_YOUR GOAL_
Would you give again, exactly, the lines running from the line with "抚节悲歌声振林木响遏行云的意思什么意思 抚节悲歌声振林木响遏行云的意思" to the end of the data below, both included?

_EXTRACTED RECORDS_
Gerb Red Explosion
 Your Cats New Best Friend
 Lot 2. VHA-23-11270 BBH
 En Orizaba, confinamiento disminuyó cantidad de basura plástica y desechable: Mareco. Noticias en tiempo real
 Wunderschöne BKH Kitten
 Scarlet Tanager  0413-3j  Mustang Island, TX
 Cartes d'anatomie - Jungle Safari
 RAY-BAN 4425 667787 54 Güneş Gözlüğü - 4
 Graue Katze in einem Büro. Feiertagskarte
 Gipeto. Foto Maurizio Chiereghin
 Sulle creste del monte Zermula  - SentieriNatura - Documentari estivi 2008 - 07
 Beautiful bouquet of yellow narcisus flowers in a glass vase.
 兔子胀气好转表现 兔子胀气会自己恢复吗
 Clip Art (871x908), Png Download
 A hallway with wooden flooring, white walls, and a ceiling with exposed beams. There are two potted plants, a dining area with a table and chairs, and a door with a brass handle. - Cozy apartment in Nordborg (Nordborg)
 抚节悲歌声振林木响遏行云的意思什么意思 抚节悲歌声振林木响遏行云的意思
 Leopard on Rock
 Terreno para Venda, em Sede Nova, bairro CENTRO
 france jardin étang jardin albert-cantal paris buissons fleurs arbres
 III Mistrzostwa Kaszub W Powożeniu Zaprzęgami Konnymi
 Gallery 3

_SOLUTION FOR THIS PROBLEM_
 抚节悲歌声振林木响遏行云的意思什么意思 抚节悲歌声振林木响遏行云的意思
 Leopard on Rock
 Terreno para Venda, em Sede Nova, bairro CENTRO
 france jardin étang jardin albert-cantal paris buissons fleurs arbres
 III Mistrzostwa Kaszub W Powożeniu Zaprzęgami Konnymi
 Gallery 3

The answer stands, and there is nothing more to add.